HOW TO COMPLETE THIS TASK:
In the records below, find the line containing "Столче ACORN 180" and the line containing "5037#White/Apricot｜P104 Godspeed cross-border"; please repeat exactly the lines from one to the other, both included, and nothing more.

== Segment start ==

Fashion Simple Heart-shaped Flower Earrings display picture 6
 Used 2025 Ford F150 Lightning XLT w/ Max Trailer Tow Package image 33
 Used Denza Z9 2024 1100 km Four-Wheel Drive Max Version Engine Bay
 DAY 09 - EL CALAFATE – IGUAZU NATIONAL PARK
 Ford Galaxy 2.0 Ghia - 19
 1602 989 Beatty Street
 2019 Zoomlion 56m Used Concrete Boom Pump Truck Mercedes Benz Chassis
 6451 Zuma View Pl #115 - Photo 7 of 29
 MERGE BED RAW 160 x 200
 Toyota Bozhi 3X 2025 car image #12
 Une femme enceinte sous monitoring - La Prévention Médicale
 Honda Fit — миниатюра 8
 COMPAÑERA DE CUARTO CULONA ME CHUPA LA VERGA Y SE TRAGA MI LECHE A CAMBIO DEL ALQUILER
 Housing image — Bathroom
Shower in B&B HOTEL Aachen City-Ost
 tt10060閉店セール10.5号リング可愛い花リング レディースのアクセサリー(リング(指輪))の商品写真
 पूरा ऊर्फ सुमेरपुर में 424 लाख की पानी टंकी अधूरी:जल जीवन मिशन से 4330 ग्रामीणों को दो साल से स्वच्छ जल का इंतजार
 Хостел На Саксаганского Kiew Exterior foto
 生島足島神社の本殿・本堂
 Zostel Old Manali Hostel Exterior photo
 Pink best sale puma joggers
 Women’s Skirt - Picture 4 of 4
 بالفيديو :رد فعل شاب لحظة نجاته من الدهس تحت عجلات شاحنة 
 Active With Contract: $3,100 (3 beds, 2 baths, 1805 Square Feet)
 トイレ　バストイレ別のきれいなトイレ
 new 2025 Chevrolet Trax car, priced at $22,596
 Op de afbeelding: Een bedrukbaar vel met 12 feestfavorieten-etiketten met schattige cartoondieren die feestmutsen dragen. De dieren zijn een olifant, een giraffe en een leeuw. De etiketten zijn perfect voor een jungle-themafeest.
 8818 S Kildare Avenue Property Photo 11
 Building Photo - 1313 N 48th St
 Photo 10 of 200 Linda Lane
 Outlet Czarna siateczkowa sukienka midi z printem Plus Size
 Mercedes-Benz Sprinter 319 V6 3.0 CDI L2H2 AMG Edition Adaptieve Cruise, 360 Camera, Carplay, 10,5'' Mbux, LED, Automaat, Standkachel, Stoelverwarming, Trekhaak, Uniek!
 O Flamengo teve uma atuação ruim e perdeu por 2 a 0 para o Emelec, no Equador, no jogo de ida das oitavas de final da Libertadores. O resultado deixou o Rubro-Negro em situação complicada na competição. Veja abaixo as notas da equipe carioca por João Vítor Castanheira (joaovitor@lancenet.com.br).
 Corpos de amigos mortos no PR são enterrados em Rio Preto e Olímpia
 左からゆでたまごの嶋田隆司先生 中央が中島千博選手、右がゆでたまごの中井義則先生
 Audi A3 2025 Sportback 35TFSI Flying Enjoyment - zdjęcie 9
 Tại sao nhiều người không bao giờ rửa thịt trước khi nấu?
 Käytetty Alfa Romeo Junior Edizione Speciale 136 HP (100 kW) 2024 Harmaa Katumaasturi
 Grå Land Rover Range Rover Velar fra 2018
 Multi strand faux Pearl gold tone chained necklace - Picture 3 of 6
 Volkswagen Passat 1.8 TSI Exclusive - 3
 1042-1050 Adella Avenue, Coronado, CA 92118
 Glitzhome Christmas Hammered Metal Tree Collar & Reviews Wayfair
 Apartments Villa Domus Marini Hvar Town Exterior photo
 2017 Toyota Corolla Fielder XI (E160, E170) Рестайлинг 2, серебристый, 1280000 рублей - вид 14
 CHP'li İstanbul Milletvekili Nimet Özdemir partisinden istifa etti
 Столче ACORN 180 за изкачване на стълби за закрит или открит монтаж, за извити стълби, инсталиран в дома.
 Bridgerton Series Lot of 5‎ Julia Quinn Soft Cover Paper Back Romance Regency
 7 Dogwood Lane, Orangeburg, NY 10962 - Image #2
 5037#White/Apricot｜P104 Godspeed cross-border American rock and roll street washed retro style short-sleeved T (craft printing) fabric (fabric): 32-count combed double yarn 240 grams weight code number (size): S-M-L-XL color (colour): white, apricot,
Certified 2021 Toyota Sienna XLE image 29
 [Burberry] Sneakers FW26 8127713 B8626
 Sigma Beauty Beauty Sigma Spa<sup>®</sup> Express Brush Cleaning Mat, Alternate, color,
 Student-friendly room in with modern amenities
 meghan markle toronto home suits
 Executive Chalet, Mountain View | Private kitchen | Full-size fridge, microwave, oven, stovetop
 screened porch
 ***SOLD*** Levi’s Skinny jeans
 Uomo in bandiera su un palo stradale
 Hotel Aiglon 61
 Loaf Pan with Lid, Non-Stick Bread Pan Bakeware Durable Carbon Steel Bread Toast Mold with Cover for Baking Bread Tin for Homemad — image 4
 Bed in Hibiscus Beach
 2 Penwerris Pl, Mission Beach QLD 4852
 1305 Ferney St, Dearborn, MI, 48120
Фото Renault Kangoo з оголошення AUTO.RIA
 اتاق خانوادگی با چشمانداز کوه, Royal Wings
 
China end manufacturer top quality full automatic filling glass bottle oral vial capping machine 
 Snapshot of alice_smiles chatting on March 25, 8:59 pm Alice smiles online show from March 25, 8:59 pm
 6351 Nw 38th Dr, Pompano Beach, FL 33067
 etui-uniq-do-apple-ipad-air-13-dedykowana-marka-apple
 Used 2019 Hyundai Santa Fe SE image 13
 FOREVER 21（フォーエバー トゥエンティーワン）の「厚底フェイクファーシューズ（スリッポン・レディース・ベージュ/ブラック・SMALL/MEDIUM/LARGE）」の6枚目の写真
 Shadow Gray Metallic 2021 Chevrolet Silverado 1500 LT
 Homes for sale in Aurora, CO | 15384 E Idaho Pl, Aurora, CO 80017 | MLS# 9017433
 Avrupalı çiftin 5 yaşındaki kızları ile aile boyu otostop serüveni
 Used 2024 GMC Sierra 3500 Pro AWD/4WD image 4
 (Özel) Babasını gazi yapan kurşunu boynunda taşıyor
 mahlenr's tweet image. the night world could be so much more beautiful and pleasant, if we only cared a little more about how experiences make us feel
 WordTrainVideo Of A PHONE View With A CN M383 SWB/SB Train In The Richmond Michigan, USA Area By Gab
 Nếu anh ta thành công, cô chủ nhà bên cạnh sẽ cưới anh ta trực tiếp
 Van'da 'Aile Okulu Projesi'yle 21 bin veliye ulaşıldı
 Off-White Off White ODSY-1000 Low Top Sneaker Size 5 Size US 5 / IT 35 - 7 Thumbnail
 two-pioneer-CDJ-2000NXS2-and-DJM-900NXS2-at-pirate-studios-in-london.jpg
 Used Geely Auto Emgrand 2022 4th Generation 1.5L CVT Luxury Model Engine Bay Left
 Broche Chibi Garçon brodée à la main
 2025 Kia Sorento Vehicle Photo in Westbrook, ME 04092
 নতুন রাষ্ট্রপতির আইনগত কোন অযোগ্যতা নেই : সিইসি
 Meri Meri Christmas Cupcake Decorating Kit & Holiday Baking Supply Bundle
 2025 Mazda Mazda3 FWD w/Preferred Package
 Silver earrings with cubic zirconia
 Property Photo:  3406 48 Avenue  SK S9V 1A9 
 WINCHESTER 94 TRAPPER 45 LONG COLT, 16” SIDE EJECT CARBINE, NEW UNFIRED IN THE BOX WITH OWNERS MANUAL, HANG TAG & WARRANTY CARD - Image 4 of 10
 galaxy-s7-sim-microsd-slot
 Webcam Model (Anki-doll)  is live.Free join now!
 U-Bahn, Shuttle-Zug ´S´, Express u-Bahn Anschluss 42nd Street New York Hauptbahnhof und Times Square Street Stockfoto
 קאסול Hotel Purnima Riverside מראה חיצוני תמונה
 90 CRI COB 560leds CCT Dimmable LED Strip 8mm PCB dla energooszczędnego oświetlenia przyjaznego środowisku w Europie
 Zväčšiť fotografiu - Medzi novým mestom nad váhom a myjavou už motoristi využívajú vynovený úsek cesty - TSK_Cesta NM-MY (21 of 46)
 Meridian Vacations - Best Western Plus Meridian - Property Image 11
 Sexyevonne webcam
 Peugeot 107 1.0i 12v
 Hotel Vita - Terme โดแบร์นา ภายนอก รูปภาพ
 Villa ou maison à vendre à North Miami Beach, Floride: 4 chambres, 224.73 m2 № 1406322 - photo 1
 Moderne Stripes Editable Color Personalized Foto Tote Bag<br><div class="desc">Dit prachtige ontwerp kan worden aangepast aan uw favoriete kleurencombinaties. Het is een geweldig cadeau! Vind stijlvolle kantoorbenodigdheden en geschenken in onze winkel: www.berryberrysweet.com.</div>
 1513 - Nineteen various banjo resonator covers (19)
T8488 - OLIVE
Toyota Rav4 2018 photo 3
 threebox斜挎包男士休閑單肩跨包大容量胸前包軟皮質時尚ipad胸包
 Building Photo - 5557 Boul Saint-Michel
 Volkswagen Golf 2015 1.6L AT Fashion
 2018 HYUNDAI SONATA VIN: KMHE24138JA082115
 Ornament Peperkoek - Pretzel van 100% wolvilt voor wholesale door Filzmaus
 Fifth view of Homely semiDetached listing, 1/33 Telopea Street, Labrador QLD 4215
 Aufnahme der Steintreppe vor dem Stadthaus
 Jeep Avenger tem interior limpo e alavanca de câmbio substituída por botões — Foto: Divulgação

== Segment end ==

RESPONSE AREA:
 Столче ACORN 180 за изкачване на стълби за закрит или открит монтаж, за извити стълби, инсталиран в дома.
 Bridgerton Series Lot of 5‎ Julia Quinn Soft Cover Paper Back Romance Regency
 7 Dogwood Lane, Orangeburg, NY 10962 - Image #2
 5037#White/Apricot｜P104 Godspeed cross-border American rock and roll street washed retro style short-sleeved T (craft printing) fabric (fabric): 32-count combed double yarn 240 grams weight code number (size): S-M-L-XL color (colour): white, apricot,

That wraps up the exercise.